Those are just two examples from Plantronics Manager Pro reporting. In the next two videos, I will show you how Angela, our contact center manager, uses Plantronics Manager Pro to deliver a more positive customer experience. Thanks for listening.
--
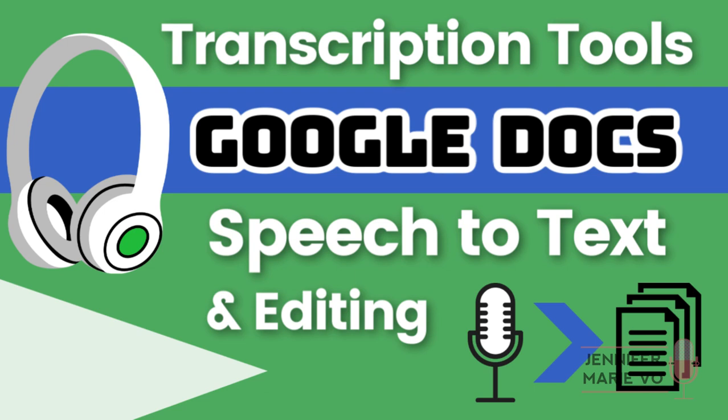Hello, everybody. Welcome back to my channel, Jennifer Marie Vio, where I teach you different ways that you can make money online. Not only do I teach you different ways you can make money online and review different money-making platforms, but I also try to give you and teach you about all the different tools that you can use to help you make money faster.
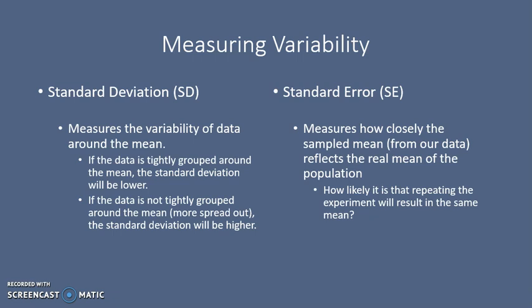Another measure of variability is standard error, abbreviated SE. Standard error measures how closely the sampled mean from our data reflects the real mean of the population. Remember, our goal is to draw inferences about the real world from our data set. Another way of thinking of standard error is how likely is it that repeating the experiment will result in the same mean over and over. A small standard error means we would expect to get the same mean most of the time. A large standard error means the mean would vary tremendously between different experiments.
...
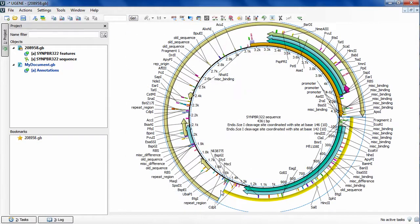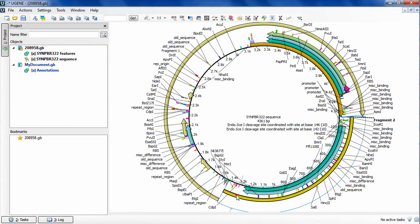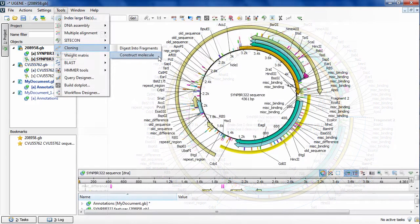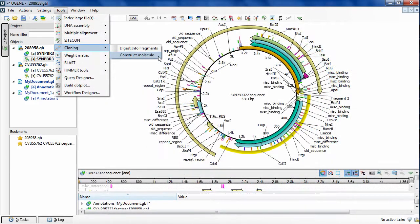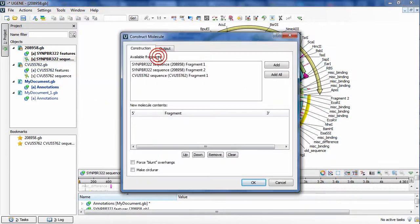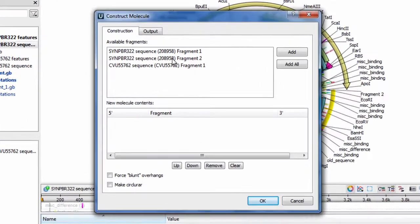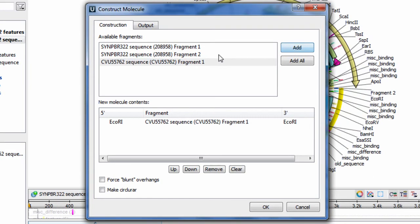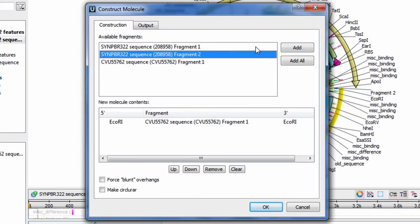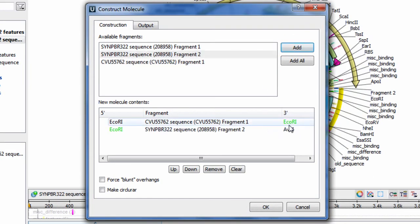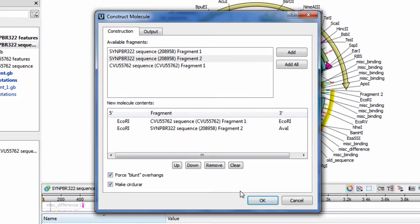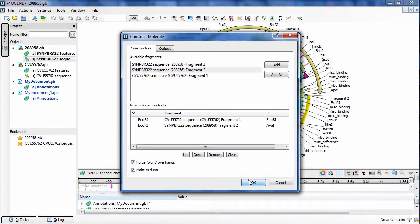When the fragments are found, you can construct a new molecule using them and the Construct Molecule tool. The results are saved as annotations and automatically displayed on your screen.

### What the task requires
Of the records above, print only the lines from the one containing "Hello, everybody. Welcome" through the one containing "Another measure of", inclusive and unaltered, leaving out pictures.

### Result of this exercise
Hello, everybody. Welcome back to my channel, Jennifer Marie Vio, where I teach you different ways that you can make money online. Not only do I teach you different ways you can make money online and review different money-making platforms, but I also try to give you and teach you about all the different tools that you can use to help you make money faster.
Another measure of variability is standard error, abbreviated SE. Standard error measures how closely the sampled mean from our data reflects the real mean of the population. Remember, our goal is to draw inferences about the real world from our data set. Another way of thinking of standard error is how likely is it that repeating the experiment will result in the same mean over and over. A small standard error means we would expect to get the same mean most of the time. A large standard error means the mean would vary tremendously between different experiments.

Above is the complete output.